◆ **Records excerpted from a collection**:
——
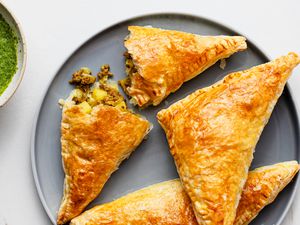 Indian Curry Puffs, with one cut open, on a grey plate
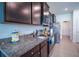 Well-equipped kitchen boasting dark cabinets, stainless steel appliances, and granite countertops at 6138 Sw 89Th Lane Rd, Ocala, FL 34476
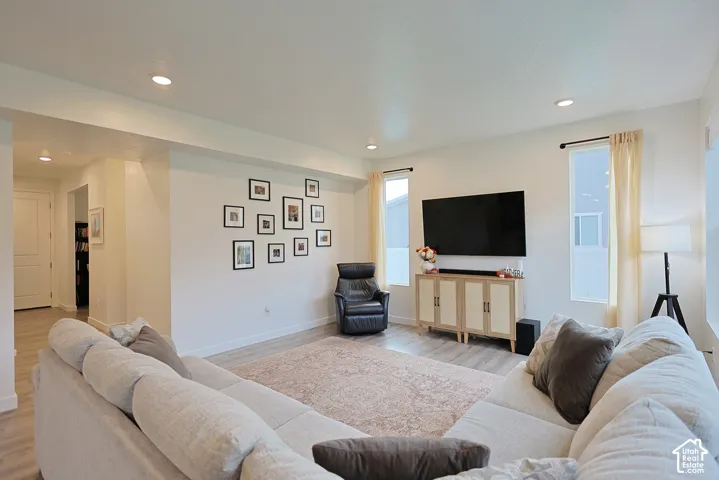 Living area featuring neutral wall tones, recessed lighting, and wood-finish flooring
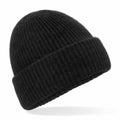 A Beechfield BC386, which is a black ribbed knit beanie featuring a folded cuff, displayed on a white background.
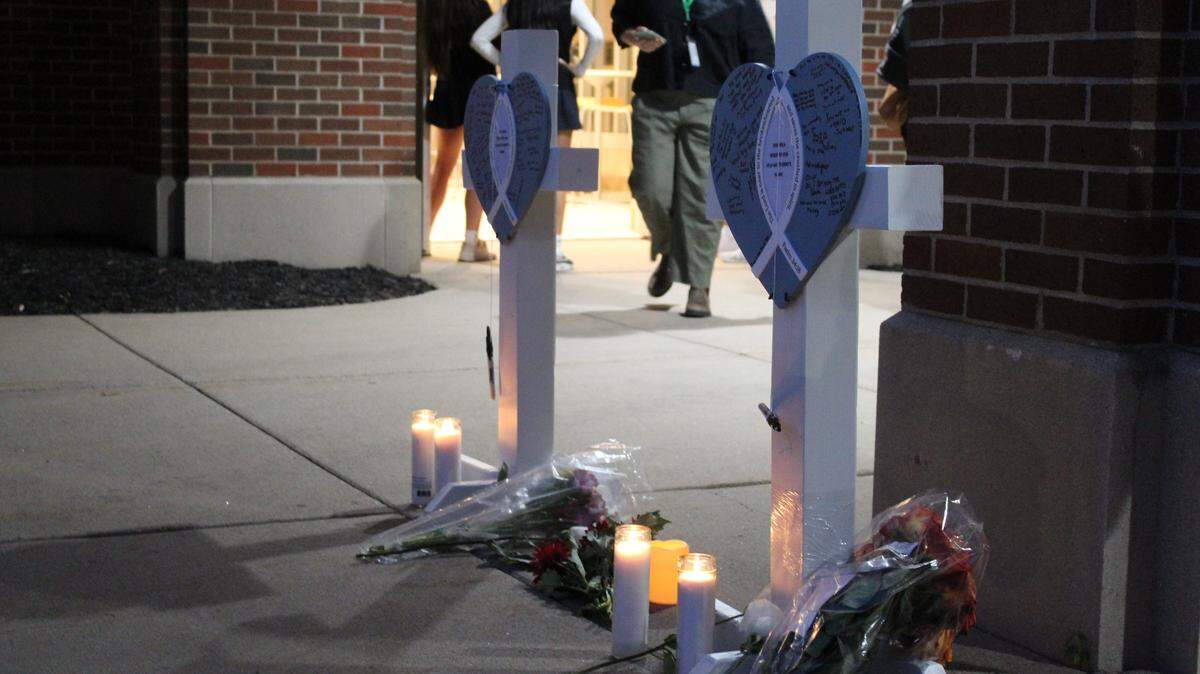 Asistentes a la vigilia escribieron mensajes en cruces por los dos niños que murieron en el tiroteo del 27 de agosto en la Iglesia de la Anunciación en Minneapolis.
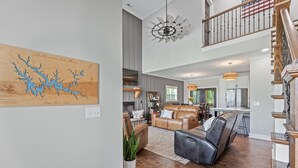 A spacious living room with a large wooden map, a leather sofa, and a dining area with a kitchen in the background. - Our Sweet Little Piece of Tennessee  (Estill Springs)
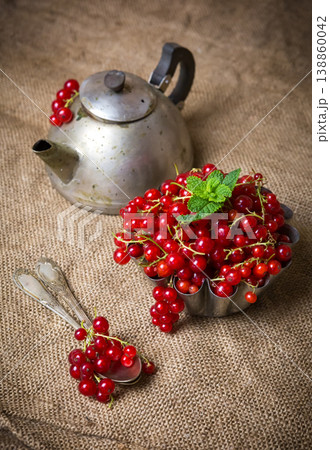 juicy currant berries on burlap near an old teapot juicy currant berries on burlap near an old teapot 138860042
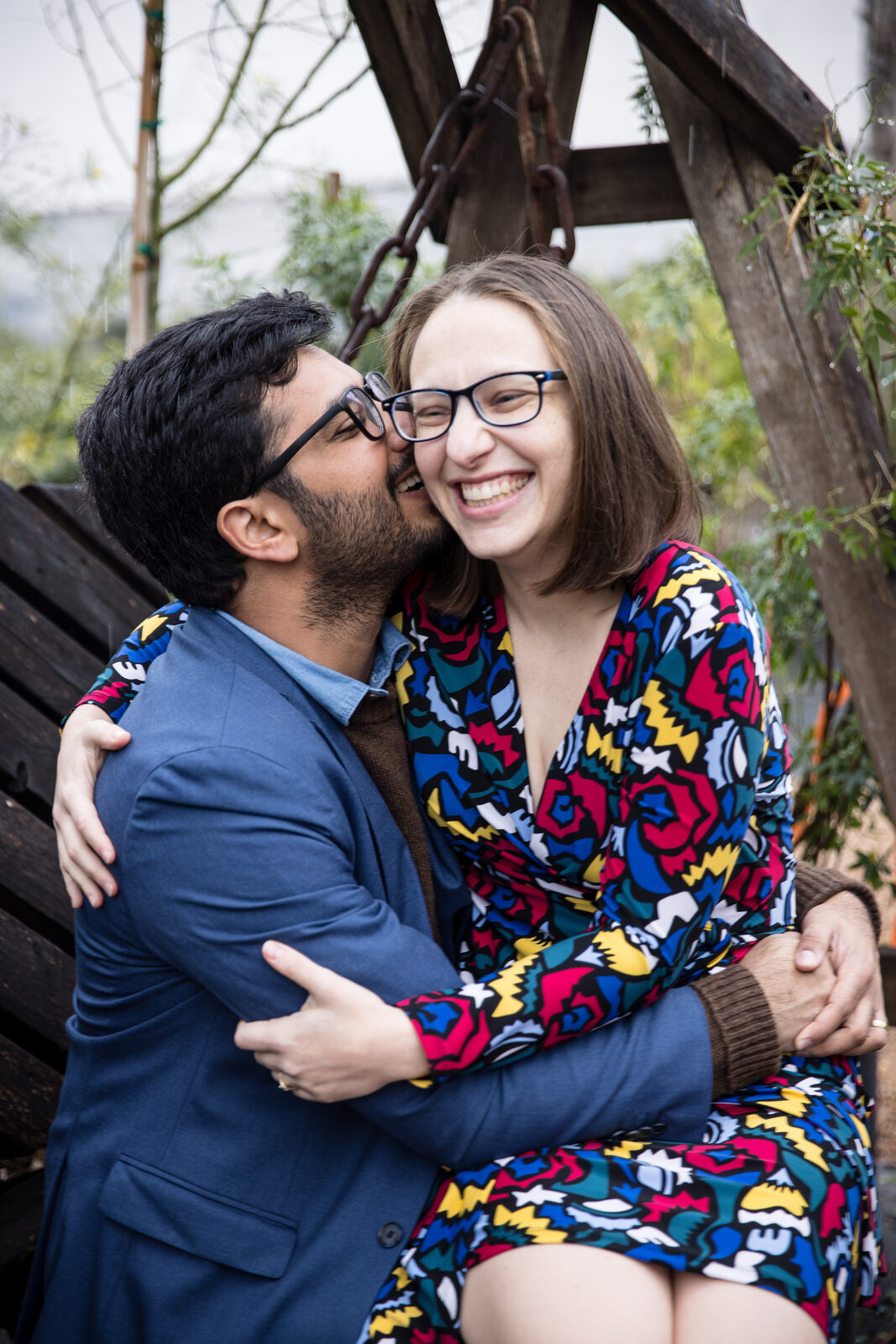 Couple laughing as he kisses her cheek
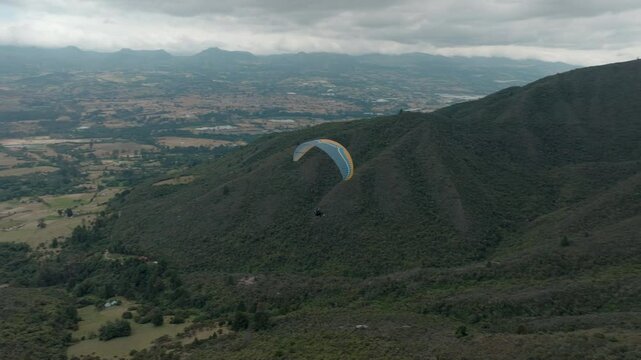 Paragliding hobby flying above the clouds enjoying leisure time couple gift experience extraordinary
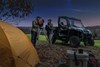 Three-quarter front angle of a side x side parked under stars.
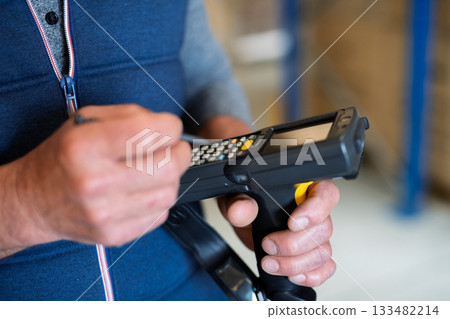 Older male warehouse worker or a supervisor holding barcode scanner. Older male warehouse worker or a supervisor holding barcode scanner. 133482214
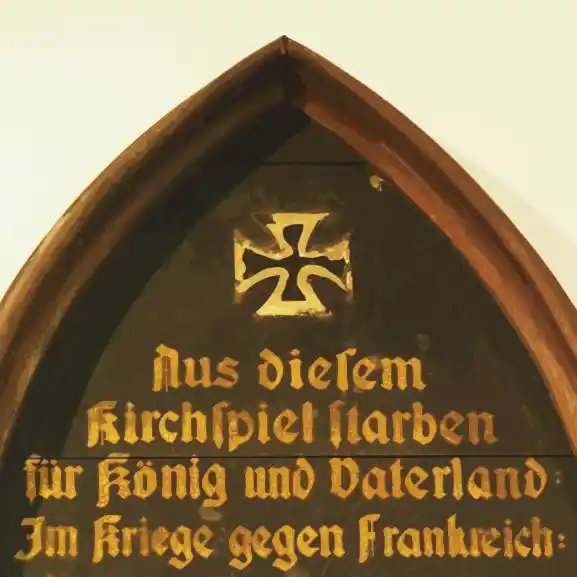 Stilisierter Ausschnitt einer hölzernen, schwarz grundierten Gedenktafel in Form eines Spitzbogens mit goldfarbener Schrift und gemaltem Eisernen Kreuz. Die Transkription findet sich im PDF.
——
◆ **TASK TO CARRY OUT**:
Reproduce exactly the lines above from the one with "Paragliding hobby flying" through the last line of the data, keeping both ends and dropping the pictures.

◆ **RESULT OF THIS TASK**:
 Paragliding hobby flying above the clouds enjoying leisure time couple gift experience extraordinary
 Three-quarter front angle of a side x side parked under stars.
 Older male warehouse worker or a supervisor holding barcode scanner. Older male warehouse worker or a supervisor holding barcode scanner. 133482214
 Stilisierter Ausschnitt einer hölzernen, schwarz grundierten Gedenktafel in Form eines Spitzbogens mit goldfarbener Schrift und gemaltem Eisernen Kreuz. Die Transkription findet sich im PDF.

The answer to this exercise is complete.